• **ACTIVITY**:
Type out the data exactly as given. Skip any image.

Dataset entries:
=-=-=-=-=

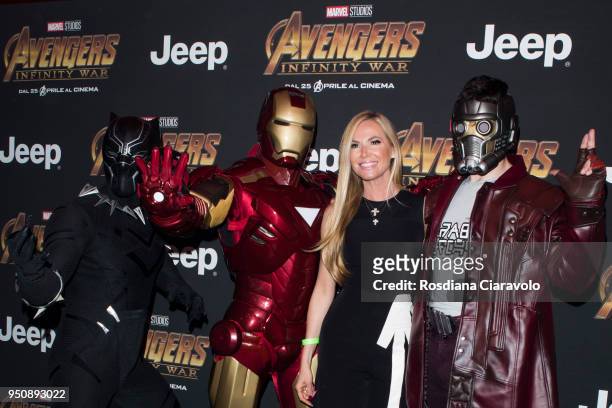 Federica Panicucci attends 'Avengers: Infinity War' photocall on April 24, 2018 in Milan, Italy.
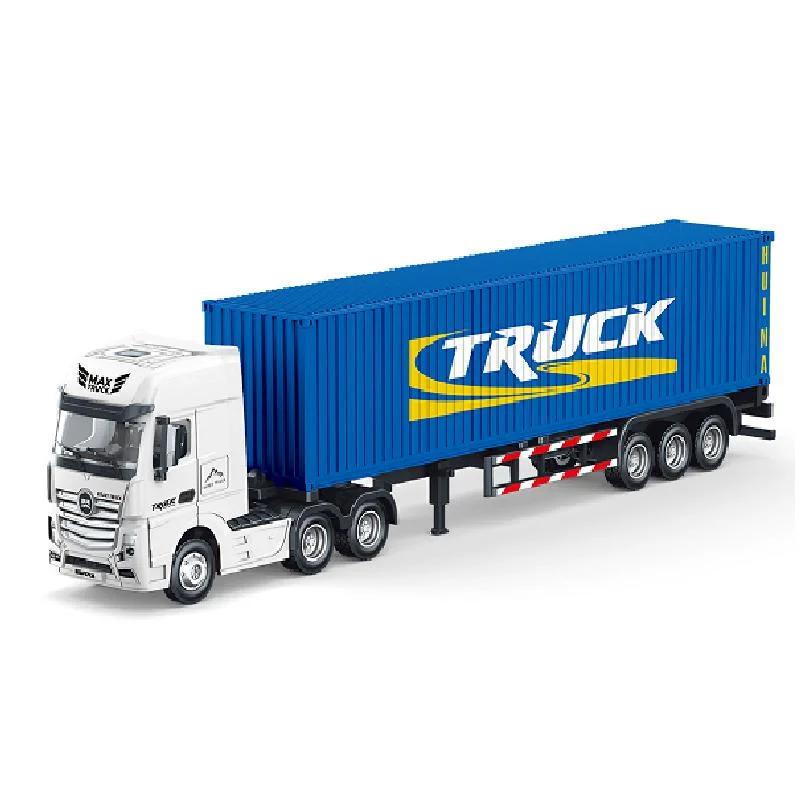 1: 50 Scalealloy Container Truck Diecast Toy Christmas New Year Gifts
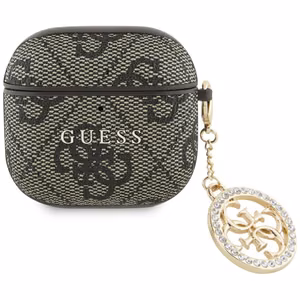 Guess 4G Strass Charm Ümbris jaoks AirPods 4 - Brown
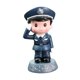 thumbnail image 5 of Estatua De Policía Pintada A Mano, Divertida Decoración Para Tartas, Para Estantería, Escritorio, Oficina, Estatua De Ni?o., 5 of 5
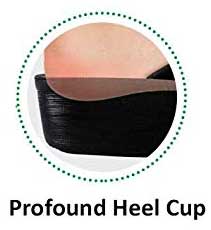 Orthotic Heel Cup in Sandal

=-=-=-=-=

• **ANSWER**:
 Federica Panicucci attends 'Avengers: Infinity War' photocall on April 24, 2018 in Milan, Italy.
 1: 50 Scalealloy Container Truck Diecast Toy Christmas New Year Gifts
 Guess 4G Strass Charm Ümbris jaoks AirPods 4 - Brown
 thumbnail image 5 of Estatua De Policía Pintada A Mano, Divertida Decoración Para Tartas, Para Estantería, Escritorio, Oficina, Estatua De Ni?o., 5 of 5
 Orthotic Heel Cup in Sandal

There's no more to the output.